Walk around Britain with your eyes open for more than a minute and you’ll see that, for the most part, our nation isn’t at all fat. That’s why, when we see fat people, one is inclined to gasp in astonishment. That’s why our rotund friends still get bullied at school. It’s not right, but it should show you that they are very much in the minority – which of course, is what the school bully thrives on.
Of course, amongst all this sneering and self loathing, TV rubs its hands together in the hope that they can scare us half to death by filling our screens full of wobbly humans… like they’re somehow going to make the Earth sink into the black of the universe or that all these fat people will continue to grow until they eventually envelope us and suffocate us all dead. You’ve seen that bit at the end of Akira? That’s not going to happen.
And so, Generation XXL toddled along and, mercifully, instead of trying to shock us to our core, preferred instead to simply let the tubby kids speak for themselves. It goes without saying that it wasn’t nice to hear how upset they were about their lives.
All the usual stuff was there, with doctors warning of Type 2 Diabetes and the like, and people encouraging regular exercise and stuff. While good advice, it’s so insultingly obvious that I’m now convinced that Britain’s fat can’t possibly watch television, ever. If they did, they’d be more than aware of the dangers of obesity because the television NEVER SHUTS UP ABOUT IT FOR ONE SECOND.
These poor buggers were told about their dreadful diets and chronic lack of exercise and the parents got a reality check (especially one mother who gave her child obscene amounts of salt in admittedly tasty looking curries) which left the whole thing slowly getting a wake up call.

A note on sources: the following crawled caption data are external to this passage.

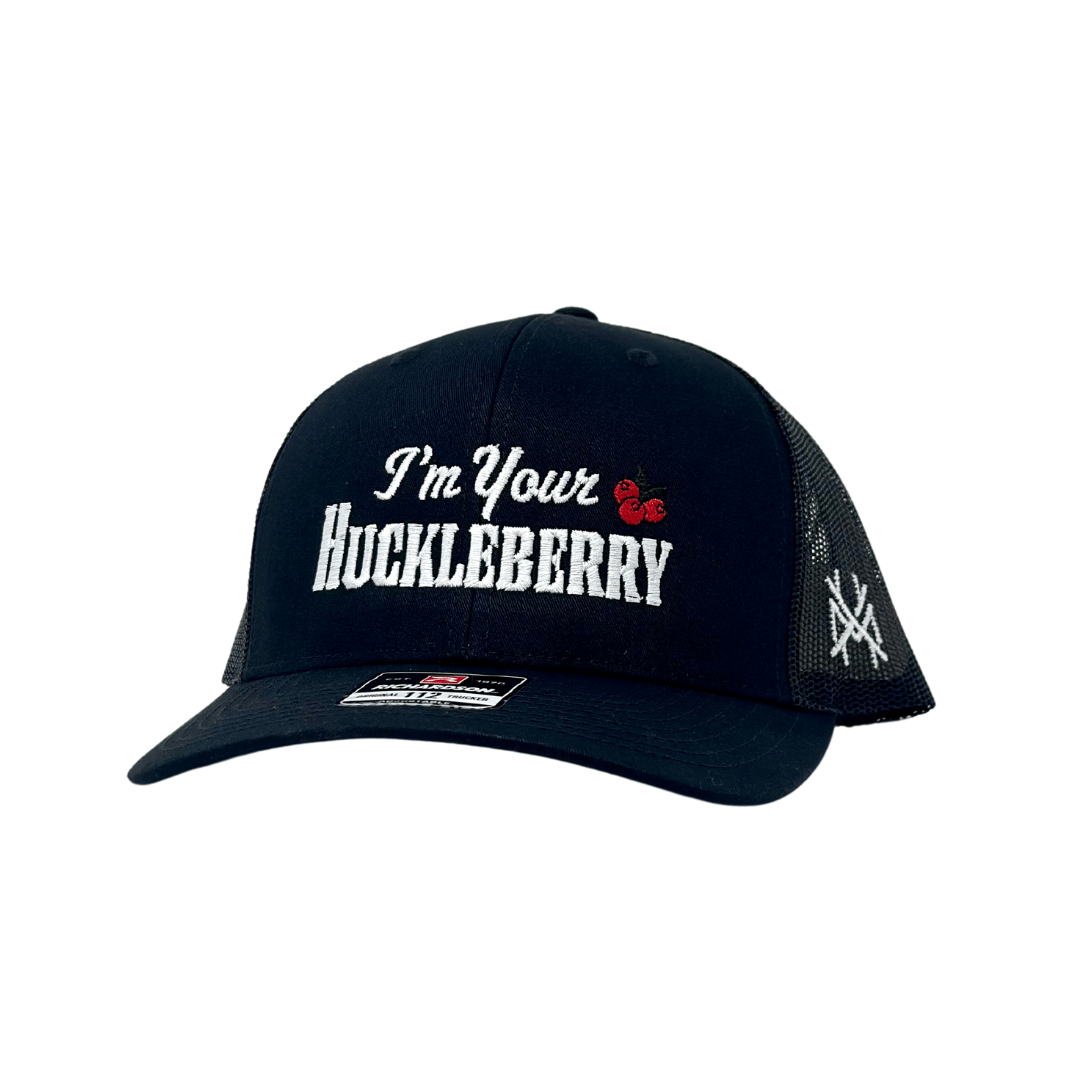 I'm Your Huckleberry - The Mad Hatter Company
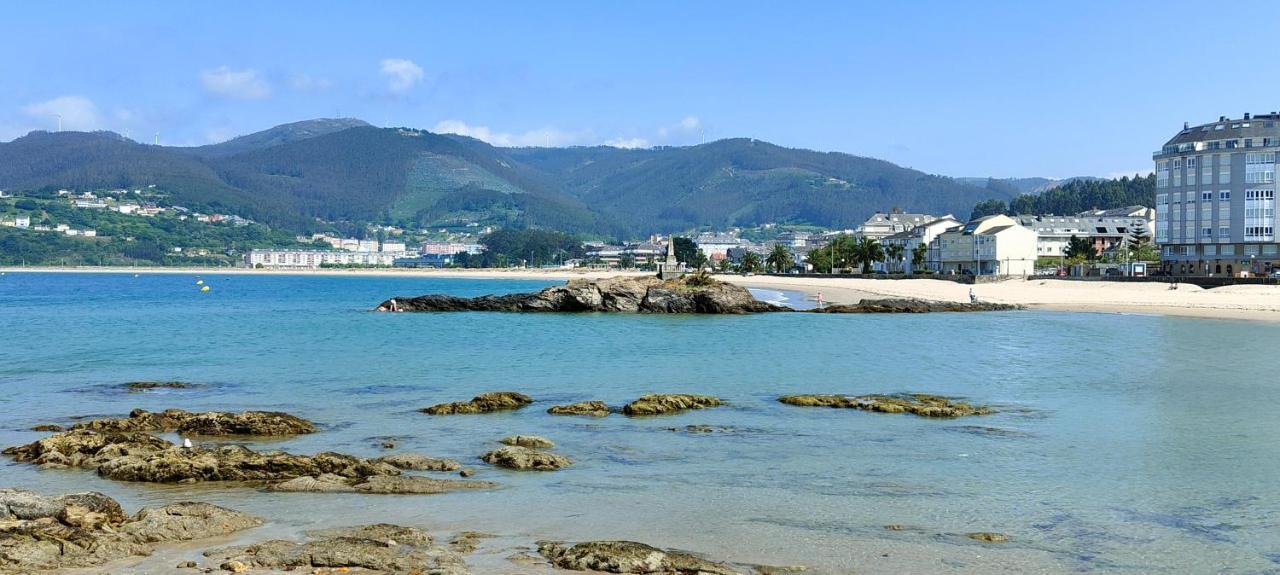 - Atico Playa De Covas Viveiro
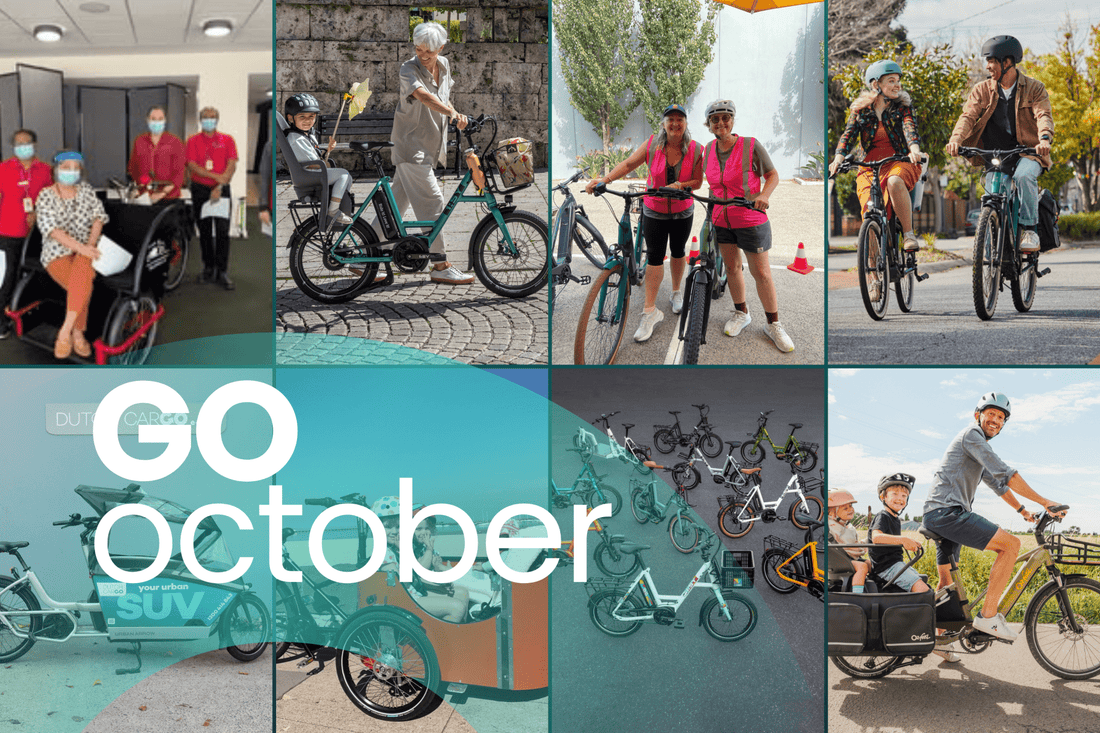 Dutch Cargo in October: - Dutch Cargo (AU)
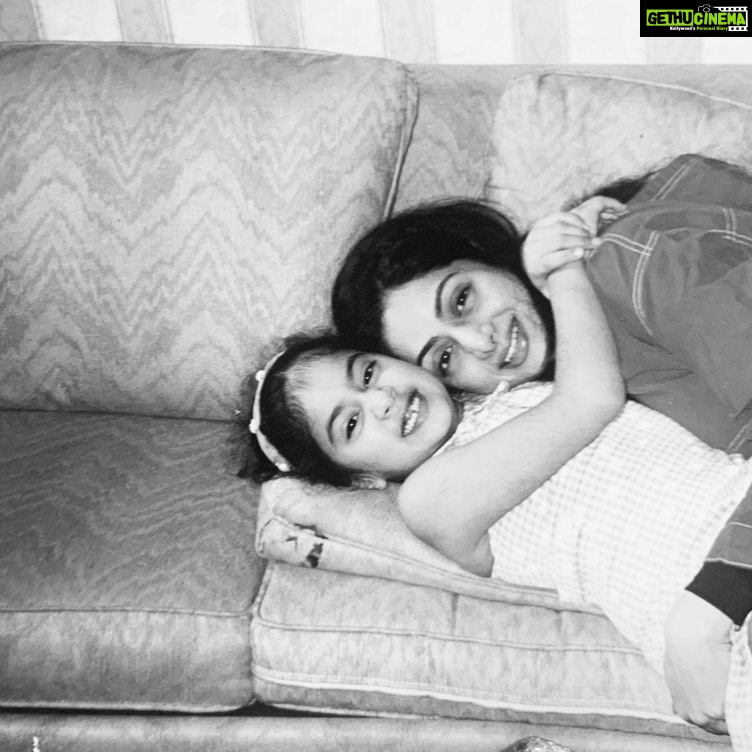 Janhvi Kapoor Instagram - Miss you everyday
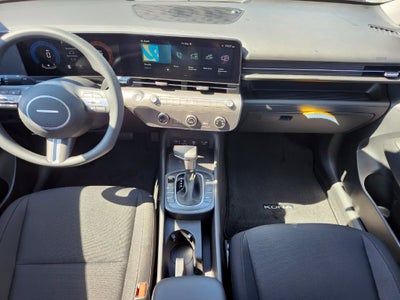 2027 Hyundai Kona SE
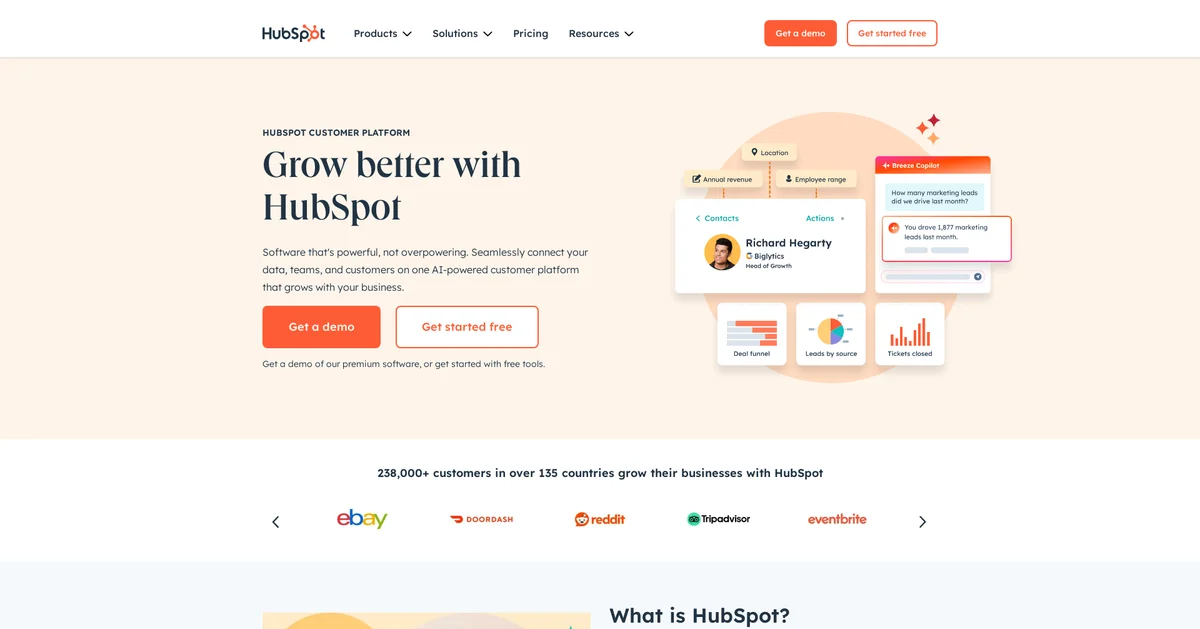 HubSpot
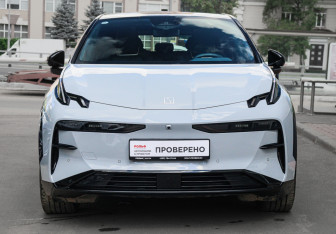 Подержанный автомобиль Zeekr X 2023 года (2 фото)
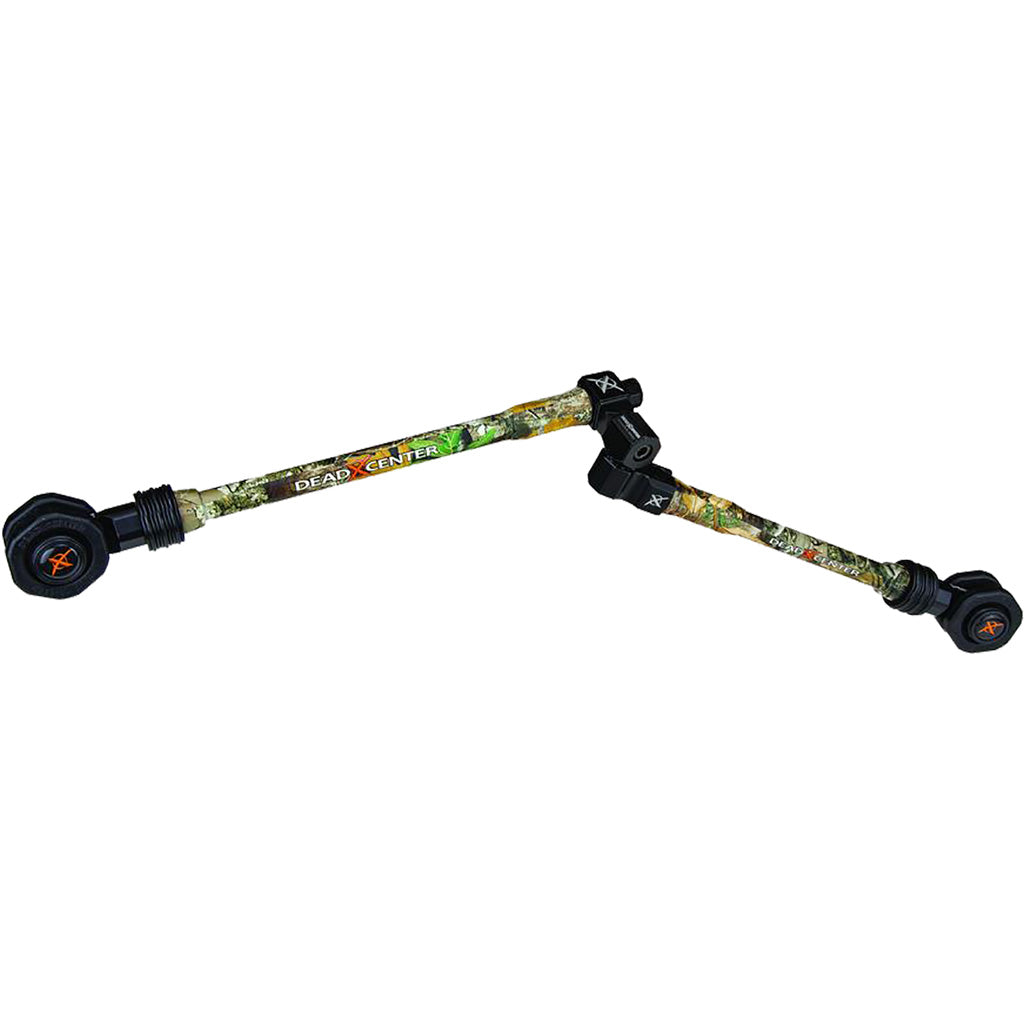 Dead Center Verge Lite Hunting Stabilizer Combo Realtree Edge 12 in. and 9 in.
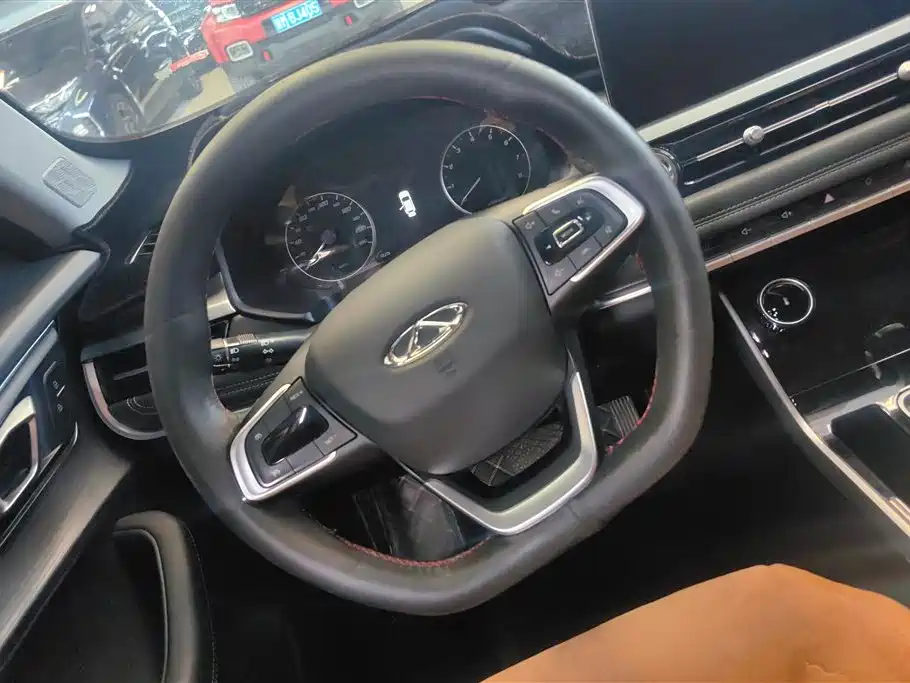 Chery Tiggo 5x 2022 — фото 15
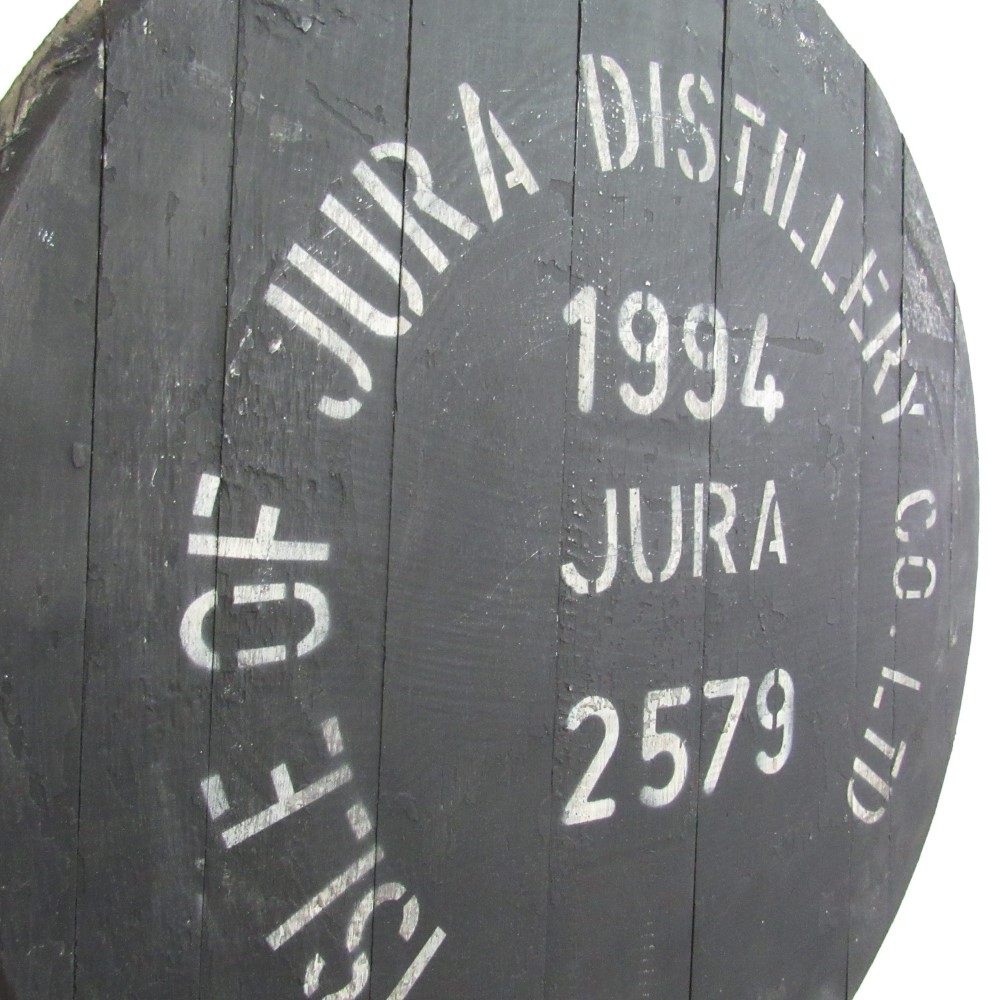 Jura Fassdeckel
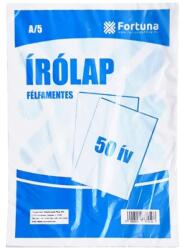 Fortuna Írólap FORTUNA A/5 félfamentes 10-50 50 ív/csomag (FO00140)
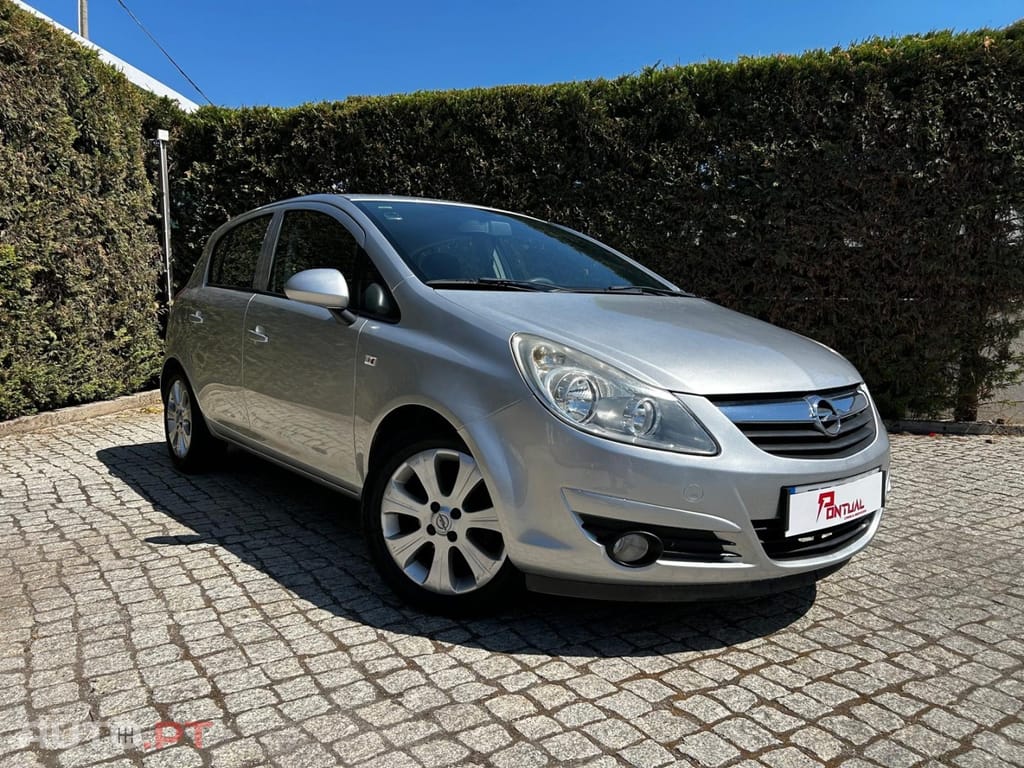 Opel Corsa 1.2 Cosmo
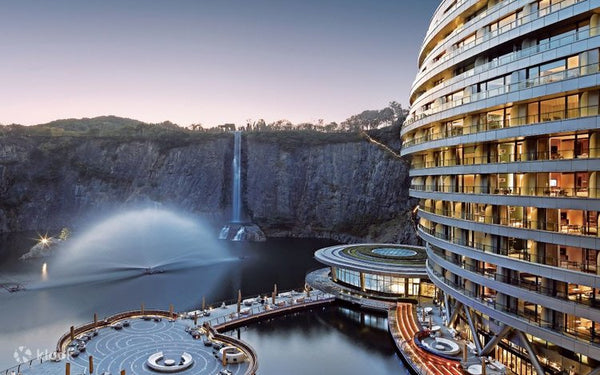 InterContinental Shanghai Wonderland (Quarry Hotel)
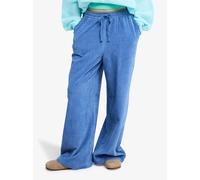 Roxy Lekeitio Pants Bleu M Femme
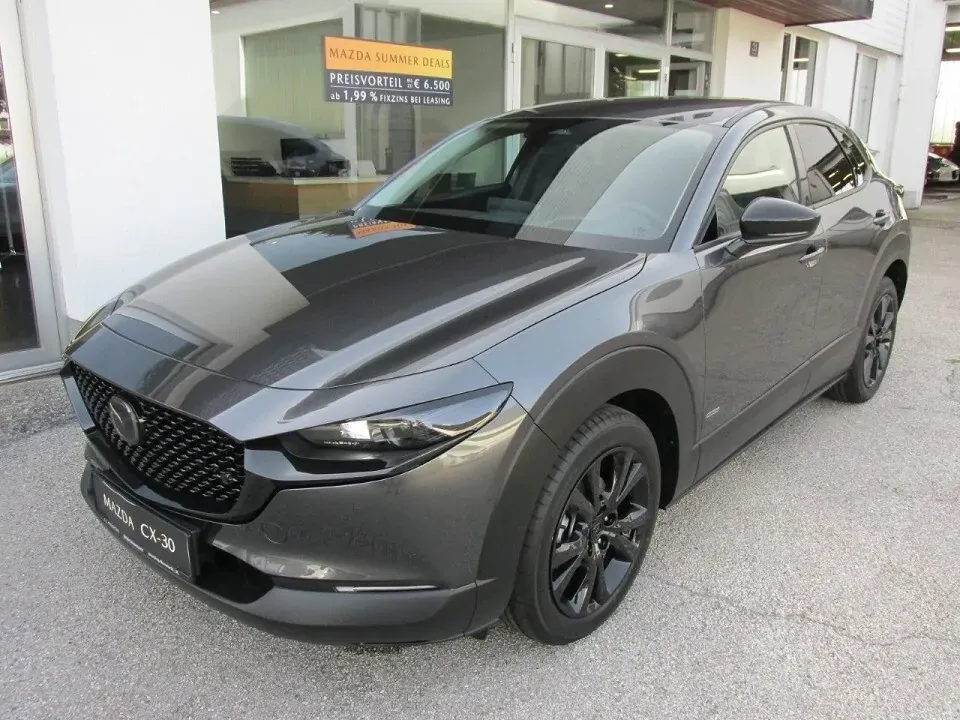Mazda Cx-30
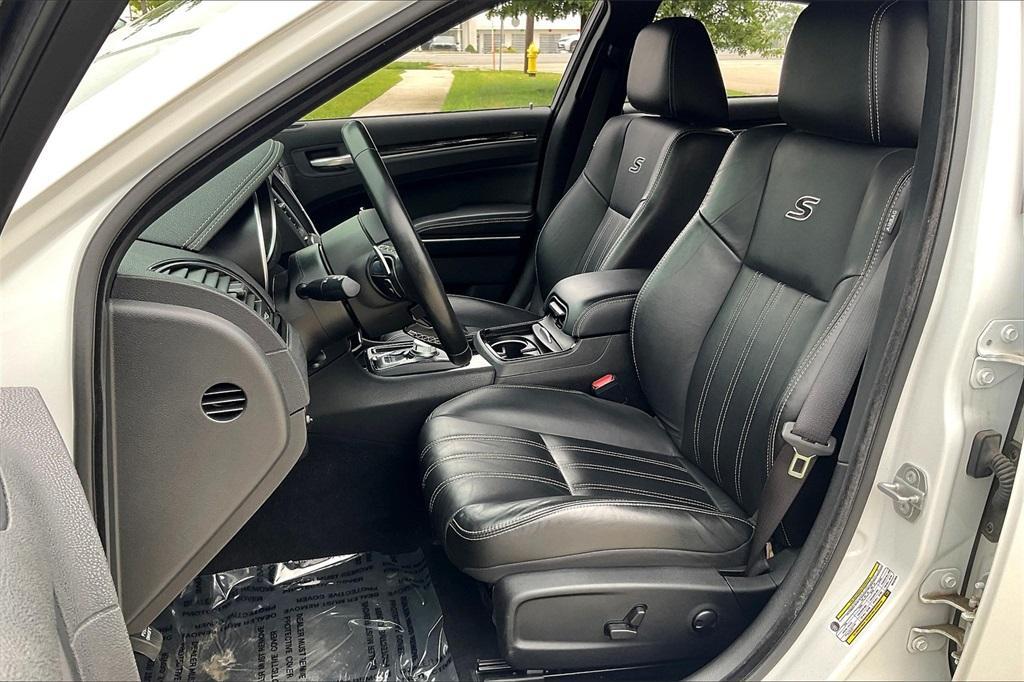 used 2022 Chrysler 300 car, priced at $32,575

That all said, the point of the show was lost on me. I didn’t need to look at some fat children again. The advice is the same as it ever was and so too were the problems faced by all concerned. As a result, I quickly became bored and started throwing my arms up in frustration throughout.
Basically, the show could’ve been replaced by some jolly fat person music (which is, essentially, anything played on a tuba) with flashing instructions like “Stop it! Put that food down! Go for a run! Cake is bad! You’ll die! Probably!“
Crass, sure, but better than the blob-porn of watching a tubby child wheeze on a treadmill.